Population genetics could sometimes result in very interesting predictions on different groups within populations (32,33). Molecular genetic analysis of the genetic pool of modern Croatian male population confirmed extraordinary heterogeneity and complexity of this population and confirmed that there was a high degree of mixing of the newly arrived settlers with the indigenous populations that had already been present in the region. As illustrated in this review, earlier research offered a genetic scenario for the most important migration episodes that strongly influenced the peopling process of the territory of modern Croatia. Most of those studies investigated the ancestral genetic impact of Old Europeans and Early Farmers on Croatians. They proved that Croatian population, as almost any other European population, represents a remarkable genetic mixture.

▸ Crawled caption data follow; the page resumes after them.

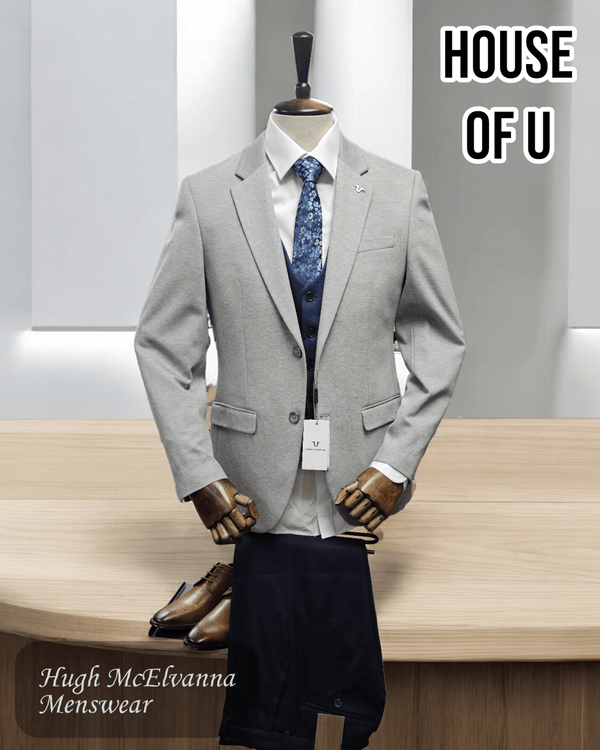 House Of U 'MIGGINS' Grey Blazer - Hugh McElvanna Menswear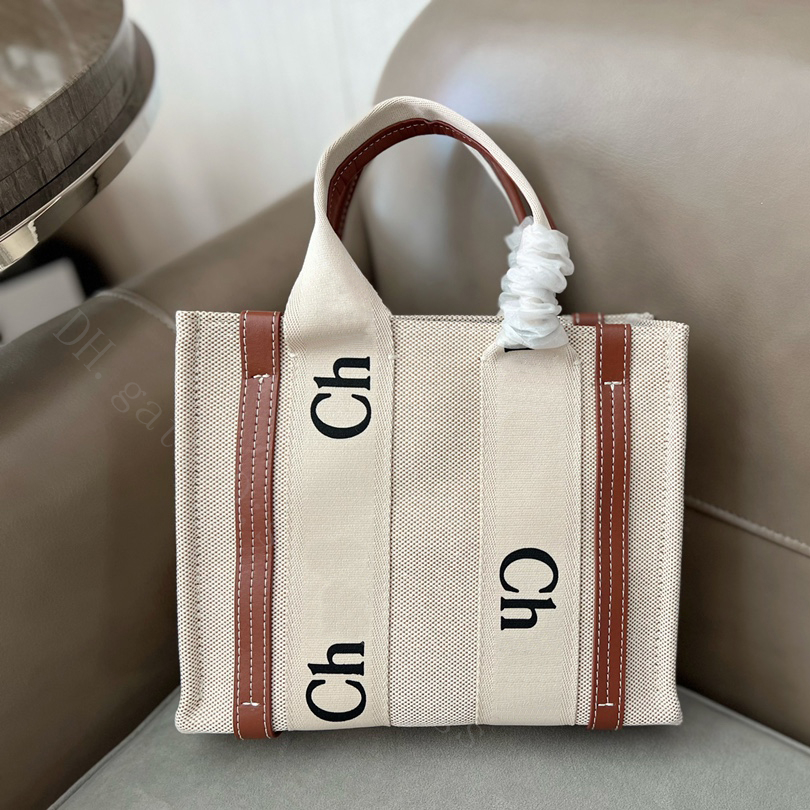 

Designer Bag Shopping Woody Tote Bags Luxury Designer Soft Casual 5 Colors 3 Size Letter Handle Fashion Canvas Classic Summer Large Capacity Shopping Handbag, Color green
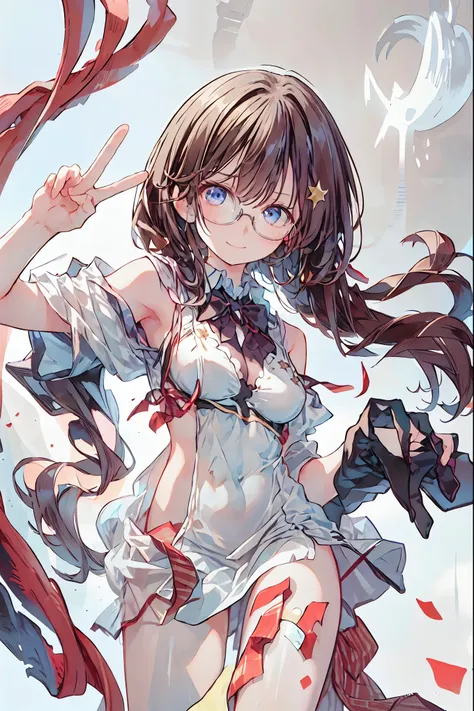 (((gold rimmed glasses))),(((Peace sign on face))),(((Bust Shot))),((face up)),((upper body)),((from below:1.2)),Dazzling gaze,Dignified Behavior,cowboy shot,big boobs,Long hair,Student Council President,School student council room,Student Charisma,Sharp E...
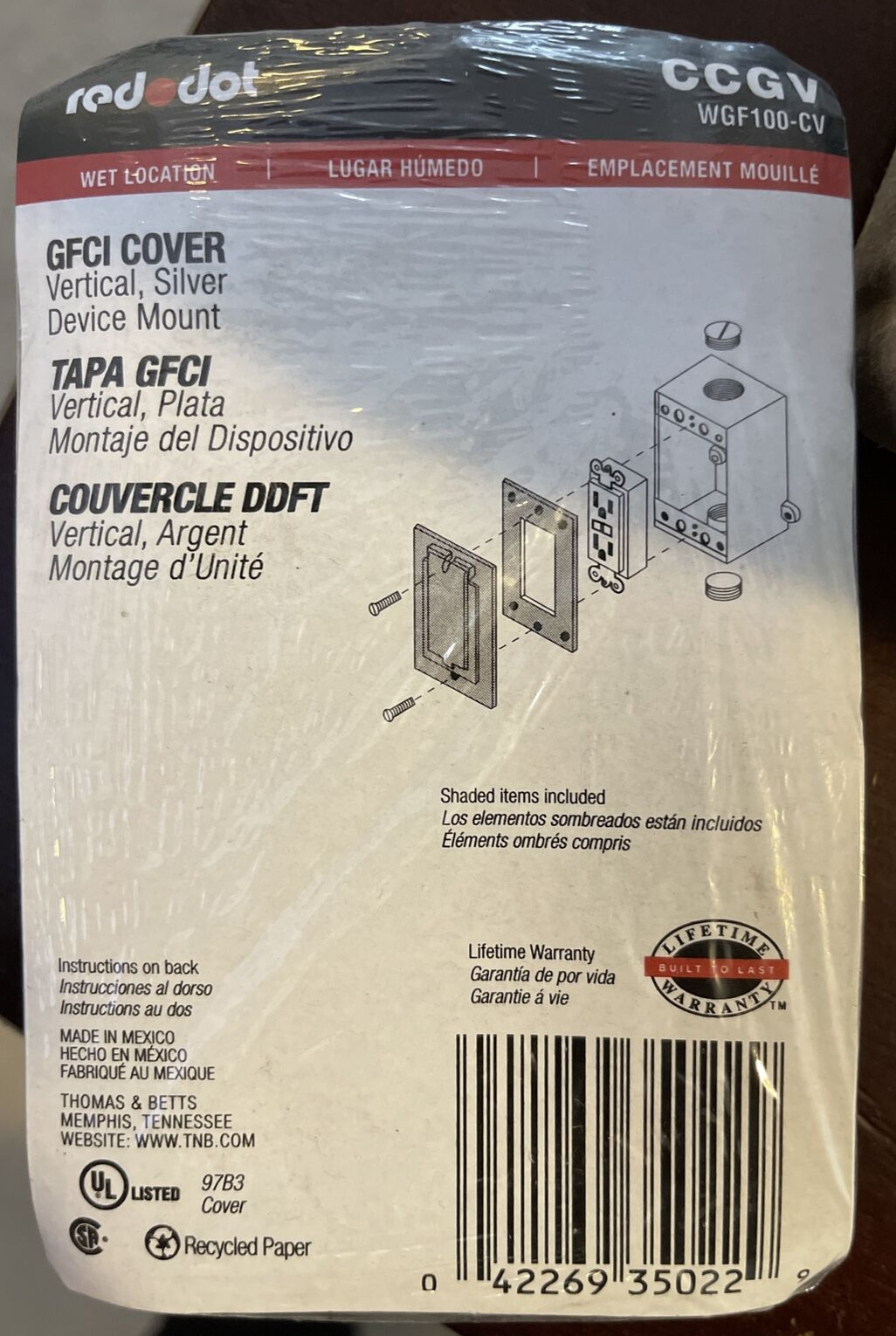 Red Dot GFCI Cover Vertical Device CCGV WGF100-CV Wet Location Weatherproof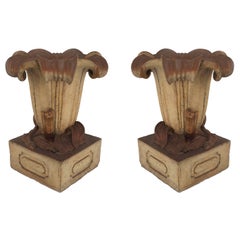Pareja de Urnas Victorianas Inglesas de Terracota para Exterior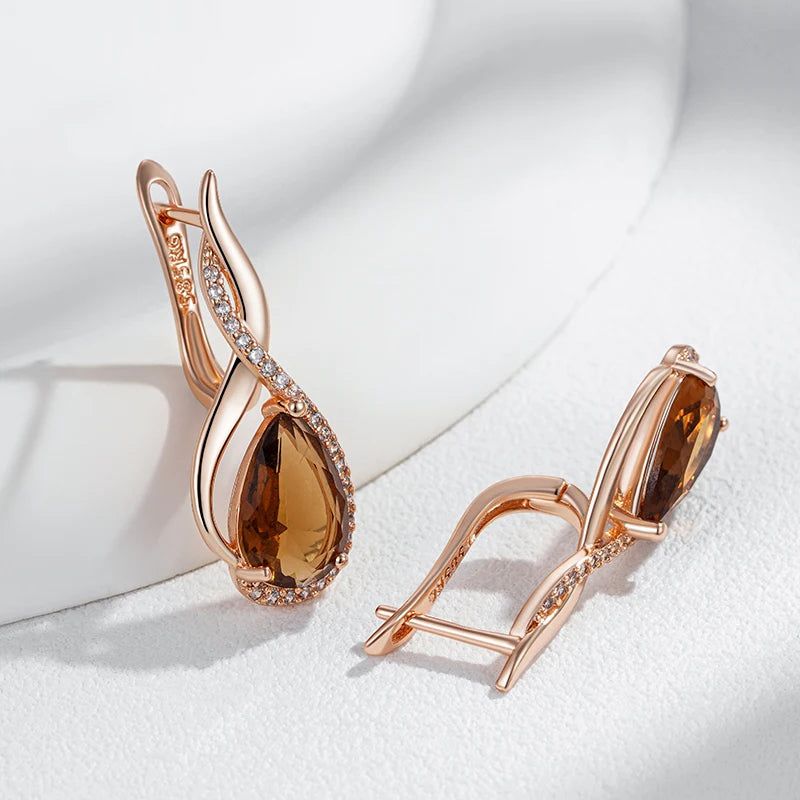 Elegant Water Droplet Earrings with Natural Zircon in 585 Rose Gold Finish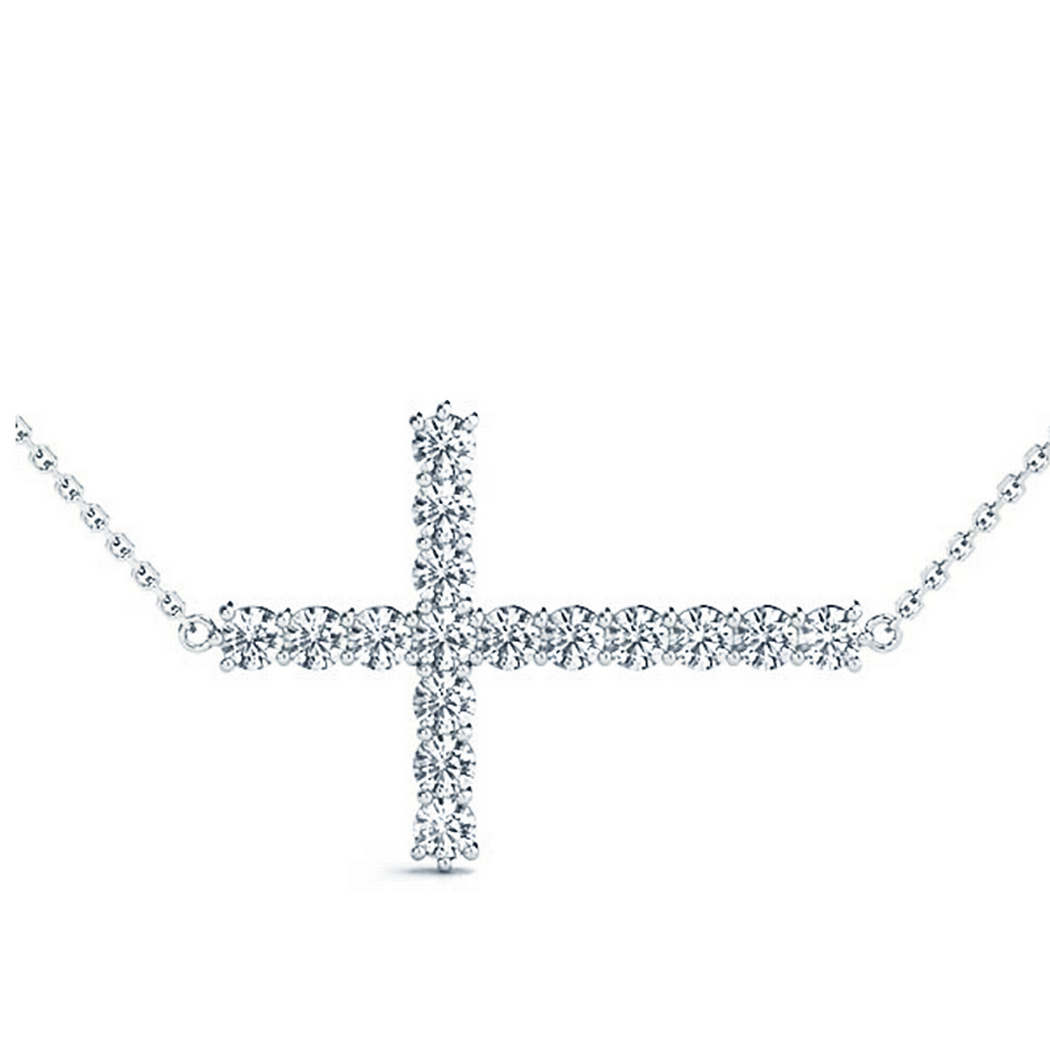Diamond Cross Pendant- East/West Style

Previous studies (2,4,26,28) clearly concluded that most of Croatian men (‘owners’ of HgI) descended from the people who settled in Europe approximately 25 000 years ago and survived the LGM in the Western Balkans refugium. Since the latest studies (20,21) proposed a completely new background of R1b migration and since there are 27% of the R1a holders in Croatia, it could be concluded that more than 3/4 of the contemporary Croatian men are most probably the offspring of Old Europeans who came here before and after the LGM. The rest of the population are the offspring of people who arrived in this part of Europe trough the southeastern route, in the last 10 000 years, mostly during the Neolithization process. We are certain that the latest discoveries with the techniques for whole-genome typing, using the array technology, will help us understand the structure of Croatian population in more detail, as well as the aspects of its demographic history. This approach, which we intend to use in future investigations of the human population in this region, has already yielded many interesting results in the analysis of different populations all over the world (34-36).